■ Records for this task:
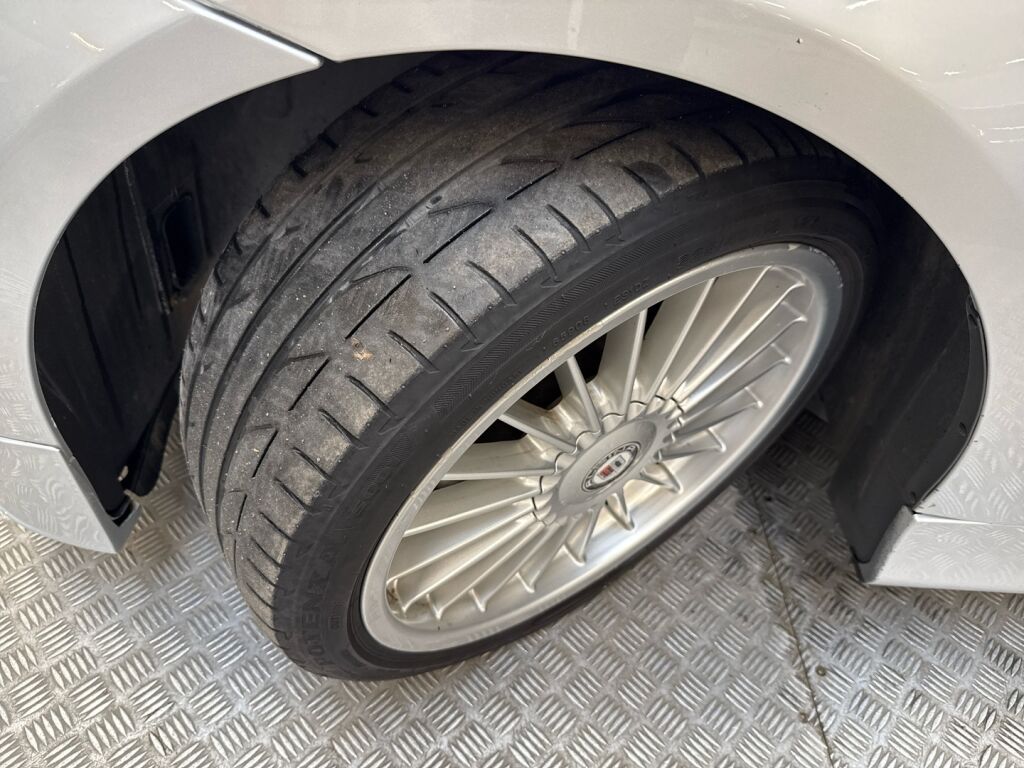 BMW 325 2005 Harmaa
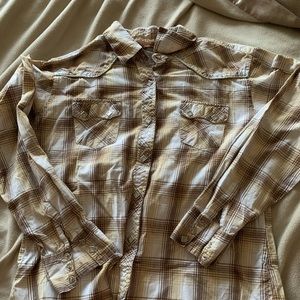 Wrangler button up shirt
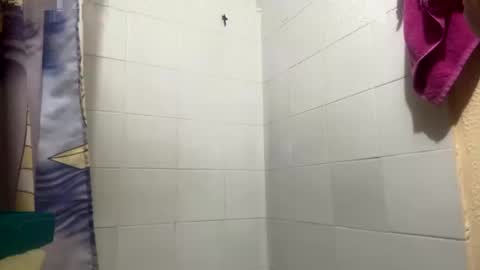 Snapshot of cris2428 chatting on January 20, 2025, 3:15 am cris2428 online show from January 20, 2025, 3:15 am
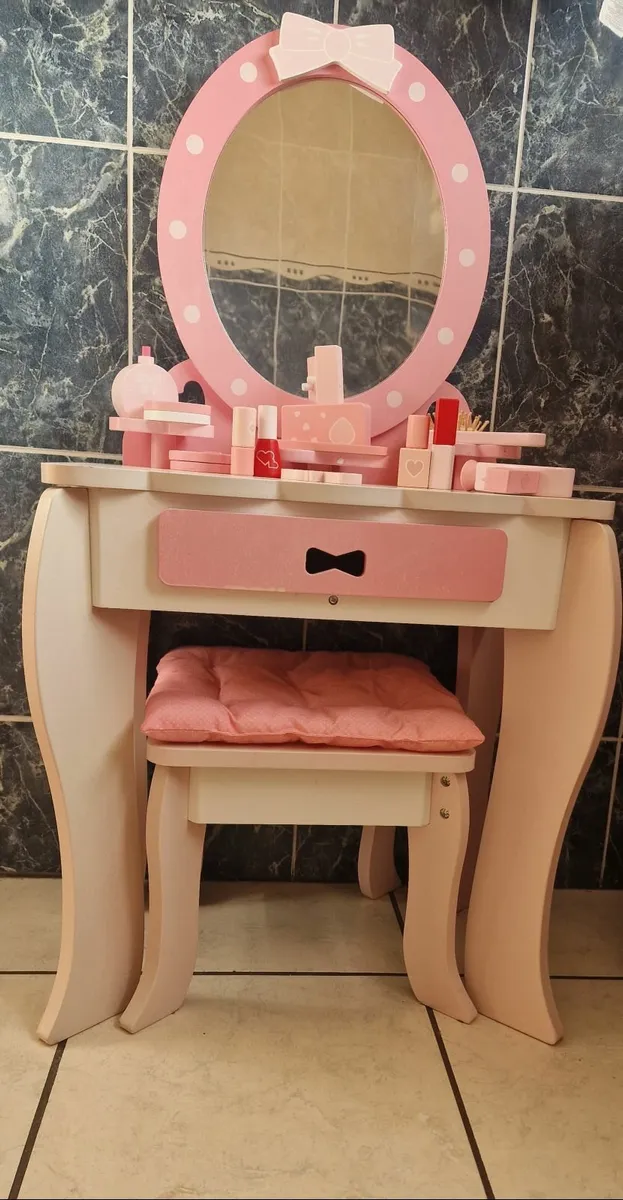 Dressing Table - Very good condition - Image 1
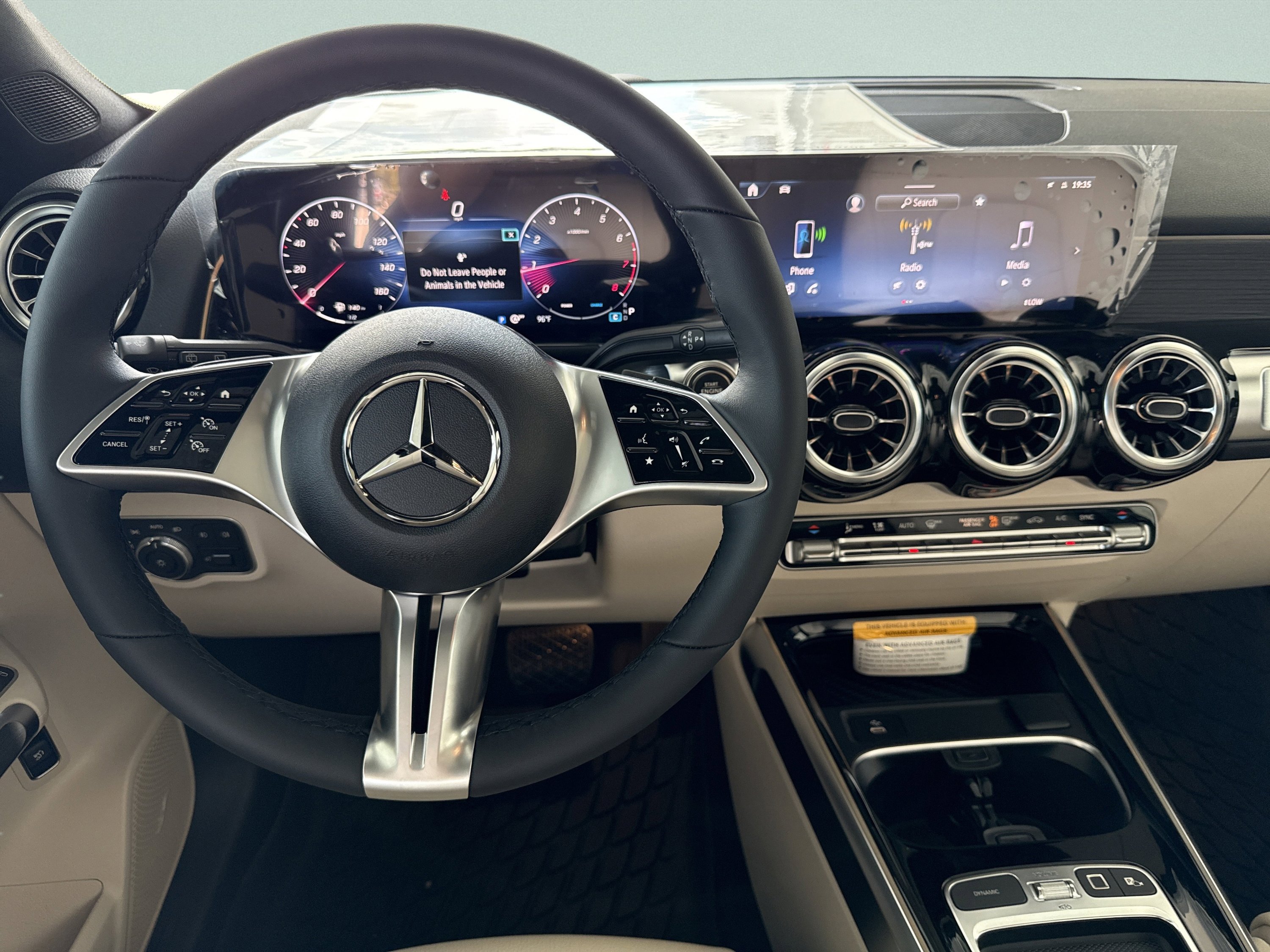 2026 Mercedes-Benz GLB GLB 250 - Photo 32
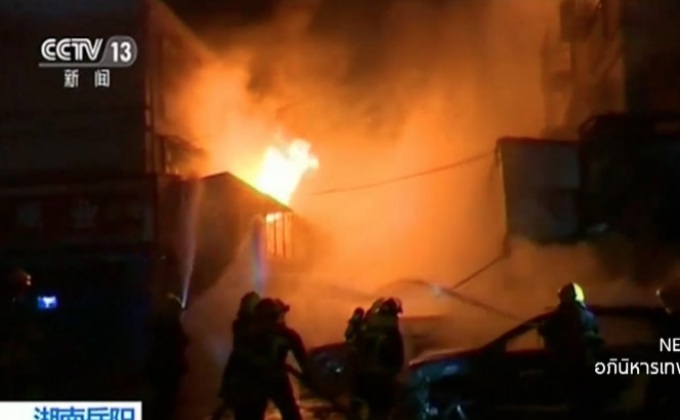 ไฟไหม้โกดังเก็บดอกไม้ไฟในจีน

■ Try it: Your answer should be the lines above from the one that contains "2026 Mercedes-Benz GLB GLB 250 - Photo 32" through the last, set down exactly, with the pictures removed.

■ Solution:
 2026 Mercedes-Benz GLB GLB 250 - Photo 32
 ไฟไหม้โกดังเก็บดอกไม้ไฟในจีน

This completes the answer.